Exercise requirements: In the lines below, find the one that contains "Ocho Rios Villa at Coolshade VI - Photo 17" and write it out exactly, along with every line that follows it.

Dataset excerpts:
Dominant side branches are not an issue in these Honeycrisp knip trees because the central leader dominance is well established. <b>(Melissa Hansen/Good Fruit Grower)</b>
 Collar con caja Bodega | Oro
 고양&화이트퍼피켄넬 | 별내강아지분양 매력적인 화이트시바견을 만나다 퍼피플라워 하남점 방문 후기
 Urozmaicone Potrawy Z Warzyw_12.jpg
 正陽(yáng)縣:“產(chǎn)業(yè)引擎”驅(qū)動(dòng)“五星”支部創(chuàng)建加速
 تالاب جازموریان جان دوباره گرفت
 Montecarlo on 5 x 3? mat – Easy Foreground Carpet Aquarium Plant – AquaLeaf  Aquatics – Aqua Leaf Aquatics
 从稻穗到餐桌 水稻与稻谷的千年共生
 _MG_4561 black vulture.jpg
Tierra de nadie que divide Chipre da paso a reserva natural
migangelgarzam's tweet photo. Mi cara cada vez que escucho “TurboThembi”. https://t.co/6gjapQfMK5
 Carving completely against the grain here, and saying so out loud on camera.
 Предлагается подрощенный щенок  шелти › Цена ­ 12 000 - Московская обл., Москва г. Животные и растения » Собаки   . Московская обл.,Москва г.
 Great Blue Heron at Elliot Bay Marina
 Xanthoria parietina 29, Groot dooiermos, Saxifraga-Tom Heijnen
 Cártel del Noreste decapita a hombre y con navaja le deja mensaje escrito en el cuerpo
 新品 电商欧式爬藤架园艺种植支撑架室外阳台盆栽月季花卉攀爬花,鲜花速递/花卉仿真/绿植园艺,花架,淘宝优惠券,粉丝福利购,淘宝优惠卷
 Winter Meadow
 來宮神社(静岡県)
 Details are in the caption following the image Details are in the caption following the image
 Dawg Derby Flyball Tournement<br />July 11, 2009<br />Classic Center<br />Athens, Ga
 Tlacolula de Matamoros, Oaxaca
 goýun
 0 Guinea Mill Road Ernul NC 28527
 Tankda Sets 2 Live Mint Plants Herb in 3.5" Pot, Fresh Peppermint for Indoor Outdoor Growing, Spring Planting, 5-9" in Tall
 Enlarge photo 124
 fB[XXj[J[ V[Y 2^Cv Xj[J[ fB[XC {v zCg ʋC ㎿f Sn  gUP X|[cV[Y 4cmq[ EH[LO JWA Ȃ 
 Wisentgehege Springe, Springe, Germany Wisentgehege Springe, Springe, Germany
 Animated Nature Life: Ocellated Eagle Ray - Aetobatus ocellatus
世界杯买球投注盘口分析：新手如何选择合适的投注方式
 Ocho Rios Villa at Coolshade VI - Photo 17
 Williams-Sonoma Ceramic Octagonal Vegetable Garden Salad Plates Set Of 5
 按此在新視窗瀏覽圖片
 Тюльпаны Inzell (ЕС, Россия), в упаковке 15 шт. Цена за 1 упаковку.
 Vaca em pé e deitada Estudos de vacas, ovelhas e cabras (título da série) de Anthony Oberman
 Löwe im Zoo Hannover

Task result:
 Ocho Rios Villa at Coolshade VI - Photo 17
 Williams-Sonoma Ceramic Octagonal Vegetable Garden Salad Plates Set Of 5
 按此在新視窗瀏覽圖片
 Тюльпаны Inzell (ЕС, Россия), в упаковке 15 шт. Цена за 1 упаковку.
 Vaca em pé e deitada Estudos de vacas, ovelhas e cabras (título da série) de Anthony Oberman
 Löwe im Zoo Hannover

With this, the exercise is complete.